The off-Broadway premiere of Lan's latest solo show "Elevator/Sex" at the West End Theatre was deemed "moving and provocative" by NY Arts Magazine. "Elevator/Sex" which emotionally links the experiences of 9/11 survivors with those who have been sexually abused, follows five individuals. What do a pickpocket, immigrant mother, professional hugger, surfer, and bridesmaid have in common? In relating their stories--at times horrific, at others oddly humorous--ultimately a message of hope is conveyed.
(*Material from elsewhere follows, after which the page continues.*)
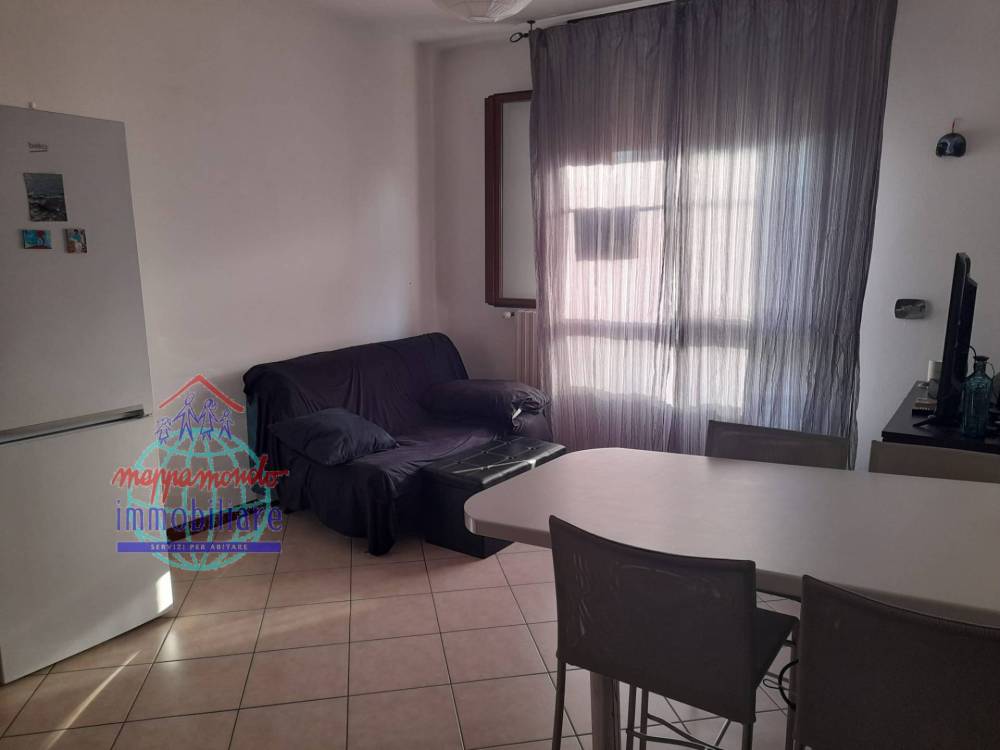 immagine annuncio 10 di 13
Inspired by her own experiences living in New York during 9/11 and working with sexual abuse survivors, Lan wrote the show choosing not to focus on the traumas themselves but on their aftereffects. "Similar to how knee-jerk reactions to 9/11—the racism, religious persecution, and war-mongering—have perpetuated our wounds, so too can the trauma of sexual abuse persist in haunting its survivors. Unless we consciously choose otherwise, we continue reacting to and relating to others as if we are still being victimized—which is ultimately self-defeating," she says. "9/11 and sexual abuse were inflicted upon us but what happens afterwards we ourselves choose."